FYI: Of the 11 top managers currently on the career victory list, only Baker—currently at #9—is not in the Hall of Fame.

The Milwaukee Brewers decide to activate the $10 million team option for 2023 on second baseman Kolten Wong, who batted .251 with 15 homers and 17 steals this past season. Meanwhile, two other players refuse to say yes to 2023 options they control: Pitcher Chris Bassitt (15-9, 3.42 ERA for the Mets in 2022) and outfielder AJ Pollock (.245 average, 14 homers and 56 RBIs for the White Sox).

Wednesday, November 9

Jake Odorizzi is on the move again. The veteran pitcher is traded from Atlanta to Texas for reliever Kolby Allard, who returns to the organization that selected him in the first round of the 2015 draft. This will be Odorizzi’s fourth team since 2020, having previously worn the uniform of Minnesota, Houston and Atlanta; this past season, he was 6-6 with a 4.40 ERA in 22 starts split between the Astros and Braves.
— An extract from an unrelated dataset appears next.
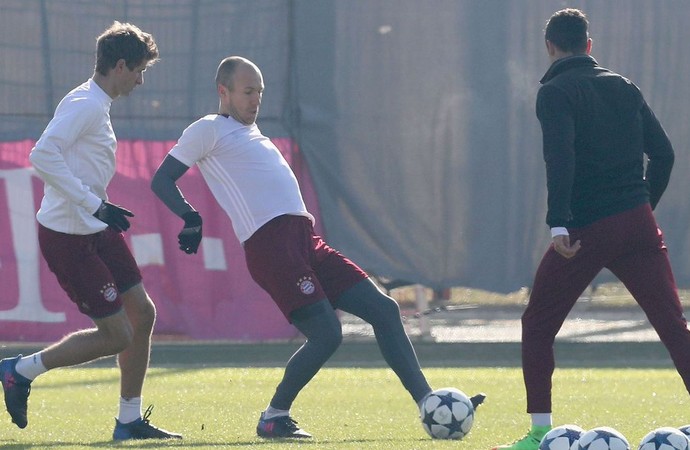 robben e müller, bayern de munique (Foto: Reprodução Twitter)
The Astros, meanwhile, allow outfielder Trey Mancini to be a free agent after declining his $10 million option for 2023. The 30-year-old outfielder and cancer survivor was dealt in July to Houston from Baltimore, where he was popular among Orioles fans; he struggled with the Astros, batting .176 with eight homers over 51 games before going 1-for-21 during the postseason.

Thursday, November 10

Fourteen potential free agents receive qualifying offers from their incumbent teams, last-chance hopes to retain those players for another year. The offer is a record-high $19.65 million; players given the offer include those who are not likely to accept (Aaron Judge, Jacob deGrom, Trea Turner, Xander Bogaerts) and those who might think about it (Nathan Eovaldi, Joc Pederson, Martin Perez and Tyler Anderson).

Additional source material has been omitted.